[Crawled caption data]
○ ○ ○

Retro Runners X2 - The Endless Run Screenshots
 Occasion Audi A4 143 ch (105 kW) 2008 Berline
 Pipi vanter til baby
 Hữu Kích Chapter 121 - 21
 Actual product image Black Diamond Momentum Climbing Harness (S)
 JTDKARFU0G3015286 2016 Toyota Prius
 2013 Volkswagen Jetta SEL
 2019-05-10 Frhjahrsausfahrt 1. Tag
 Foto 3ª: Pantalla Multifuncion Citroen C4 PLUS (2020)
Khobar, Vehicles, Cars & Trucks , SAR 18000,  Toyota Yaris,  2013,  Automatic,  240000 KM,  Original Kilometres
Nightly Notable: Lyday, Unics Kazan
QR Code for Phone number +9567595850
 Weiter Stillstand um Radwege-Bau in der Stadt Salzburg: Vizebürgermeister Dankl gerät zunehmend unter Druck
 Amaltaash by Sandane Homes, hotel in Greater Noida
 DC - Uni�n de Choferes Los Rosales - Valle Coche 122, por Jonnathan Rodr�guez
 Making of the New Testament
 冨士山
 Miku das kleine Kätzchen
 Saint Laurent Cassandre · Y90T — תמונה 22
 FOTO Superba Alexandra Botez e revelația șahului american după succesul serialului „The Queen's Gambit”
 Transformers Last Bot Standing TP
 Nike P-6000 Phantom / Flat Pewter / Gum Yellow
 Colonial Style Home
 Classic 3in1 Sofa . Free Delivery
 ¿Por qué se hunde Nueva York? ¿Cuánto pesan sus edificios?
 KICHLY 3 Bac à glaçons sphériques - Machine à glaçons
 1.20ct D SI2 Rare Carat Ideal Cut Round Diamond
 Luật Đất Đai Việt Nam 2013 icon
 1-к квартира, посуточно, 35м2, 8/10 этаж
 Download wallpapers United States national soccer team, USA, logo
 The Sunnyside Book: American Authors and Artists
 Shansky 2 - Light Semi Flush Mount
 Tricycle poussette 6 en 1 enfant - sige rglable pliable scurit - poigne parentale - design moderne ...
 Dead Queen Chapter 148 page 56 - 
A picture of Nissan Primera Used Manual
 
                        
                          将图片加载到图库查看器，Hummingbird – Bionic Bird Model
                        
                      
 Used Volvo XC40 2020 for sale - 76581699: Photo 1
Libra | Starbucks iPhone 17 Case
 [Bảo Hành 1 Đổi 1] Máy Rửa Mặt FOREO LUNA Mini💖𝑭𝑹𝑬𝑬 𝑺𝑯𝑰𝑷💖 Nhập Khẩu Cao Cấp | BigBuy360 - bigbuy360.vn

○ ○ ○

### Required action
Each record above must be given again exactly.

### Answer box
Retro Runners X2 - The Endless Run Screenshots
 Occasion Audi A4 143 ch (105 kW) 2008 Berline
 Pipi vanter til baby
 Hữu Kích Chapter 121 - 21
 Actual product image Black Diamond Momentum Climbing Harness (S)
 JTDKARFU0G3015286 2016 Toyota Prius
 2013 Volkswagen Jetta SEL
 2019-05-10 Frhjahrsausfahrt 1. Tag
 Foto 3ª: Pantalla Multifuncion Citroen C4 PLUS (2020)
Khobar, Vehicles, Cars & Trucks , SAR 18000,  Toyota Yaris,  2013,  Automatic,  240000 KM,  Original Kilometres
Nightly Notable: Lyday, Unics Kazan
QR Code for Phone number +9567595850
 Weiter Stillstand um Radwege-Bau in der Stadt Salzburg: Vizebürgermeister Dankl gerät zunehmend unter Druck
 Amaltaash by Sandane Homes, hotel in Greater Noida
 DC - Uni�n de Choferes Los Rosales - Valle Coche 122, por Jonnathan Rodr�guez
 Making of the New Testament
 冨士山
 Miku das kleine Kätzchen
 Saint Laurent Cassandre · Y90T — תמונה 22
 FOTO Superba Alexandra Botez e revelația șahului american după succesul serialului „The Queen's Gambit”
 Transformers Last Bot Standing TP
 Nike P-6000 Phantom / Flat Pewter / Gum Yellow
 Colonial Style Home
 Classic 3in1 Sofa . Free Delivery
 ¿Por qué se hunde Nueva York? ¿Cuánto pesan sus edificios?
 KICHLY 3 Bac à glaçons sphériques - Machine à glaçons
 1.20ct D SI2 Rare Carat Ideal Cut Round Diamond
 Luật Đất Đai Việt Nam 2013 icon
 1-к квартира, посуточно, 35м2, 8/10 этаж
 Download wallpapers United States national soccer team, USA, logo
 The Sunnyside Book: American Authors and Artists
 Shansky 2 - Light Semi Flush Mount
 Tricycle poussette 6 en 1 enfant - sige rglable pliable scurit - poigne parentale - design moderne ...
 Dead Queen Chapter 148 page 56 - 
A picture of Nissan Primera Used Manual
 
                        
                          将图片加载到图库查看器，Hummingbird – Bionic Bird Model
                        
                      
 Used Volvo XC40 2020 for sale - 76581699: Photo 1
Libra | Starbucks iPhone 17 Case
 [Bảo Hành 1 Đổi 1] Máy Rửa Mặt FOREO LUNA Mini💖𝑭𝑹𝑬𝑬 𝑺𝑯𝑰𝑷💖 Nhập Khẩu Cao Cấp | BigBuy360 - bigbuy360.vn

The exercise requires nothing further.